The data -
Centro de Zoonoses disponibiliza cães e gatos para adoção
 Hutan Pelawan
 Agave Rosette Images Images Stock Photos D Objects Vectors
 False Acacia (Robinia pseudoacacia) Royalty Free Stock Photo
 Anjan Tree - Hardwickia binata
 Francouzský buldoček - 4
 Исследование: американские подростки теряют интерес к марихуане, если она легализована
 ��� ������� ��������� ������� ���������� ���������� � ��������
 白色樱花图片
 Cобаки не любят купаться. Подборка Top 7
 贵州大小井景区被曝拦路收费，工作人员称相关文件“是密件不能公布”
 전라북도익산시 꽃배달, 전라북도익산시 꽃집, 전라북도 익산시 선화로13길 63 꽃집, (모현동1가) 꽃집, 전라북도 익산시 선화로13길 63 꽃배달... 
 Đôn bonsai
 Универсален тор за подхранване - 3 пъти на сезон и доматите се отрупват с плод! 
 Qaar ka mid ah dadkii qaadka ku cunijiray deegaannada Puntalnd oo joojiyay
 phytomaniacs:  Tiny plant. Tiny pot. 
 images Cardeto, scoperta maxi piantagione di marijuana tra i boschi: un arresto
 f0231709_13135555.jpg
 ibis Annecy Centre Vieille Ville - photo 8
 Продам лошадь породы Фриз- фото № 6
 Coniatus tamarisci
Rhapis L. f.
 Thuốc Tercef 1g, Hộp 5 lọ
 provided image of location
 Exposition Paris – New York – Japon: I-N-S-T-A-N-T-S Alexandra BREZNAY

Exercise instructions - From the material above, copy out every line bearing the string "Stock".

The answer -
 Agave Rosette Images Images Stock Photos D Objects Vectors
 False Acacia (Robinia pseudoacacia) Royalty Free Stock Photo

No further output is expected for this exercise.